Usually, within a few days past the incident, we gather together for a blameless Post-Mortem (some call them lesson learned) meeting, where we invite all the stakeholders who were involved with the product, the incident or its solution and go through the timeline retrospectively, trying to identify how we can make sure that the same issue doesn’t happen again in the future.

So are you DevOps engineers after all, or what?

SRE is definitely part of the DevOps world, and at Crunch, I would argue that we’re still dealing with tasks which one would consider being “classical DevOps” tasks. But with every passing day going by, we have more automation in place, and less human interaction required, allowing the infrastructure team to focus on monitoring and observability.
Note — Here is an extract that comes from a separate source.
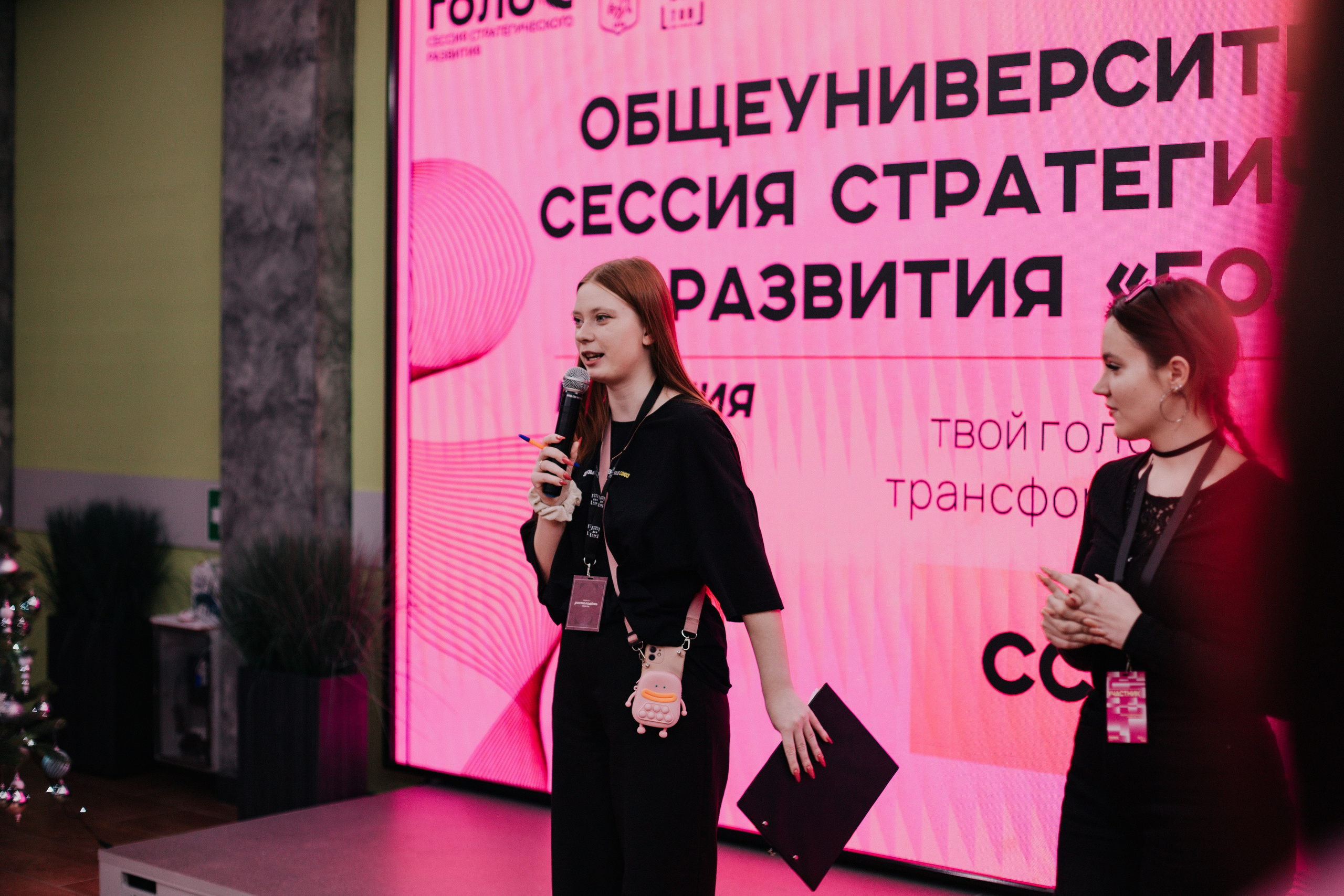 Итоговая сессия стратегического развития «Голос». Фотограф Михайлова Анастасия | Белгород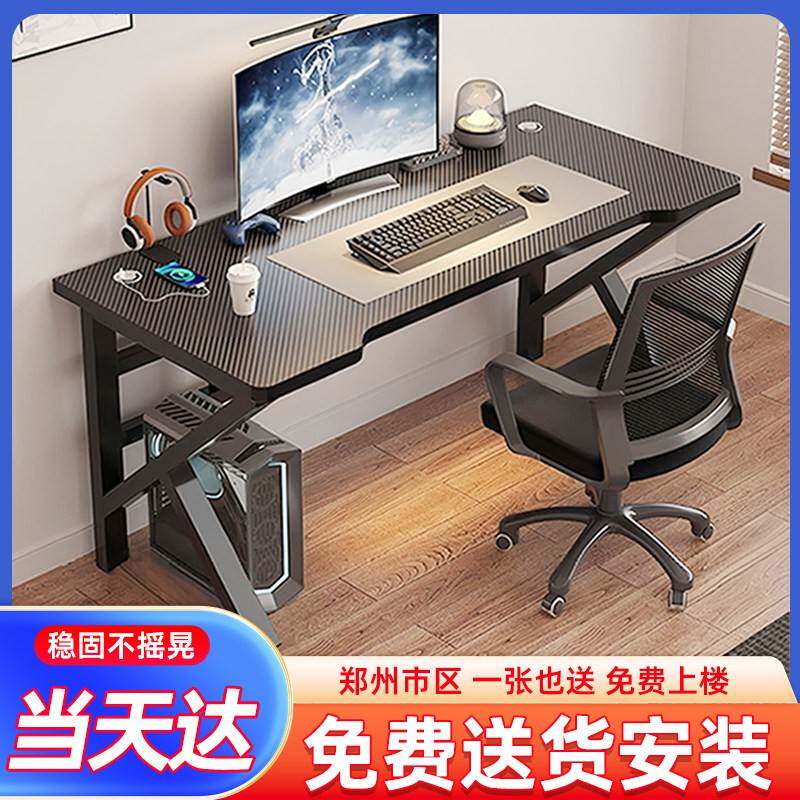 电竞桌台式简约电脑桌家用卧室书桌学生桌碳纤维办公桌工作台郑州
We spend approximately 50% of our time on so-called “toils”, which are non-automated tasks requiring our manual interaction. The rest is spent with monitoring grafana dashboards, handling incidents, communicating with stakeholders to draw priorities, organising chaos engineering game days, and coming up with ideas on how our system can be more resilient.

To be effective, we work closely with developers. We keep organising Tech Talks and workshops where we teach them our methods and involve them to ensure that everyone has the operation knowledge on tracing, monitoring and observability in general to keep track of business-related trends. That is because we truly believe that reliability, just like security, doesn’t belong to one team — it belongs to everyone.